You are viewing a plain text version of this content. The canonical link for it is here.

Posted to user@uima.apache.org by Nicolas Paris <ni...@gmail.com> on 2017/06/14 13:40:19 UTC

Parallell Text transformation before CAS

Hi

My goal is to apply transformation to texts before transforming them to
CAS. The possible way is to do that in a Collection Reader or a
Collection Initialiser (deprecated) Pipe.

Accordingly to documentation, the parallell features of UIMA only
applies to Analysis Engines. Then If I want to distribute my
transformations on raw texts, I need to hardcode it in the Collection
Reader part. No way to configure it with "casPoolSize" ?

Am I missing something ?


Thanks by advance,

-- 
Nicolas

Re: Parallell Text transformation before CAS

Posted by Nicolas Paris <ni...@gmail.com>.

> you can use different Views for these kind of tasks. 
> 1. Create a Reader which dumps the text asis, without transformation, into the View/Sofa.

Hi Johannes

Indeed  views/sofa method looks promising.

BTW I now wonder if the Collection Process stores all the texts into RAM
memory while collecting all the texts before running distributed AEs ?

-- 
Nicolas

Re: Parallell Text transformation before CAS

Posted by Nicolas Paris <ni...@gmail.com>.

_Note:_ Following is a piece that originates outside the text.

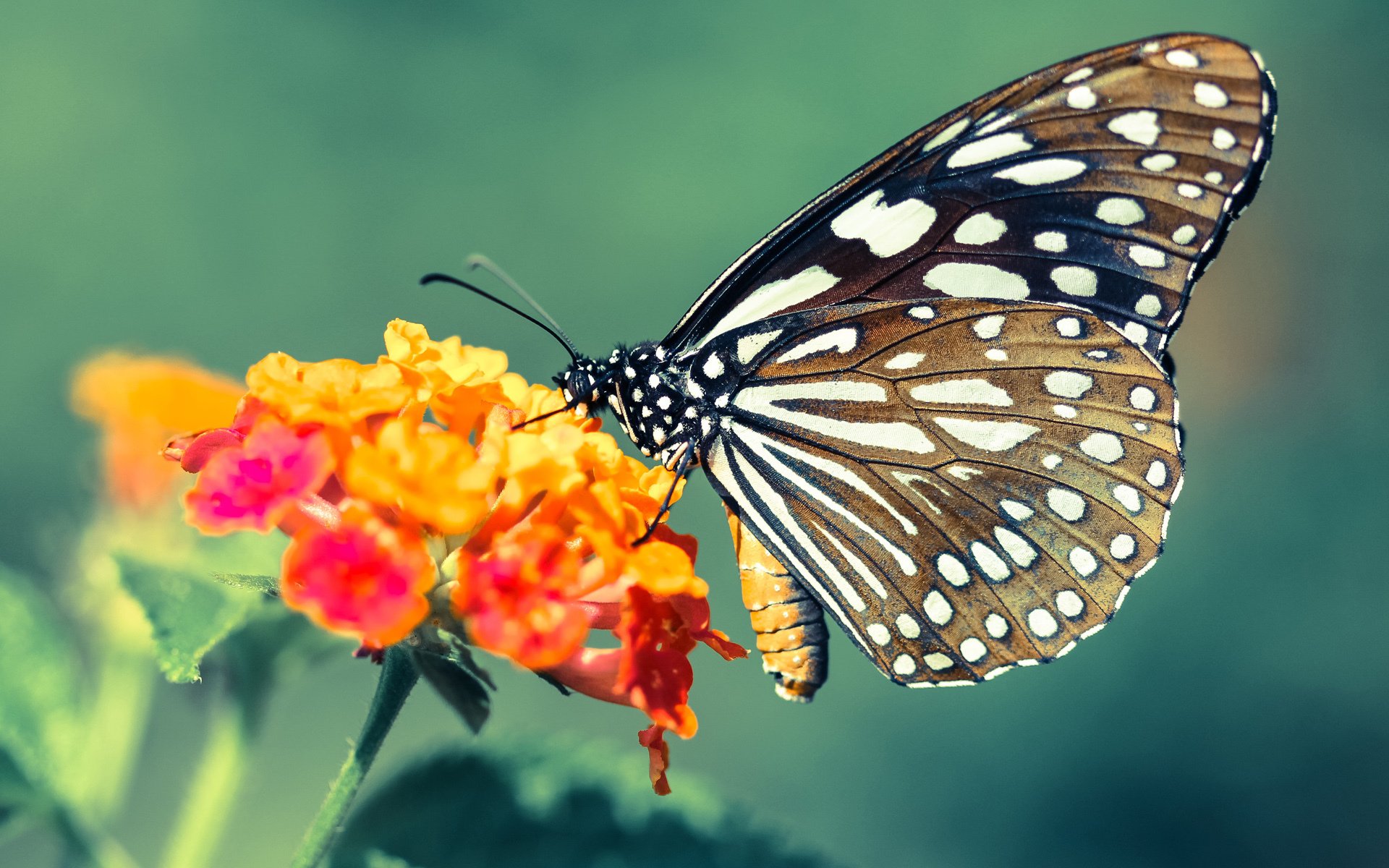 铁血与钢铁,当德甲争冠战遇见CBA的工业革命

> you can use different Views for these kind of tasks. 
> 1. Create a Reader which dumps the text asis, without transformation, into the View/Sofa.
> 2. Write AEs to take the View/SOFA with your raw text and create a new View/SOFA with the transformed text.
> 
> So you can exploit the parallel processing of AEs to do the costly transformation. 

Hi
This leads to store two copies of the text (one asis, and one
transformed). But the one asis is useless and takes resources.

No way to work on only one version ?

Thanks

Re: Parallell Text transformation before CAS

Posted by Johannes Darms <jo...@scai.fraunhofer.de>.

Hey Nicolas,

you can use different Views for these kind of tasks. 
1. Create a Reader which dumps the text asis, without transformation, into the View/Sofa.
2. Write AEs to take the View/SOFA with your raw text and create a new View/SOFA with the transformed text.

So you can exploit the parallel processing of AEs to do the costly transformation. 


Regards,

Johannes

----- Original Message -----
From: "Nicolas Paris" <ni...@gmail.com>
To: user@uima.apache.org
Sent: Wednesday, June 14, 2017 3:40:19 PM
Subject: Parallell Text transformation before CAS

Hi

My goal is to apply transformation to texts before transforming them to
CAS. The possible way is to do that in a Collection Reader or a
Collection Initialiser (deprecated) Pipe.

Accordingly to documentation, the parallell features of UIMA only
applies to Analysis Engines. Then If I want to distribute my
transformations on raw texts, I need to hardcode it in the Collection
Reader part. No way to configure it with "casPoolSize" ?

Am I missing something ?


Thanks by advance,

-- 
Nicolas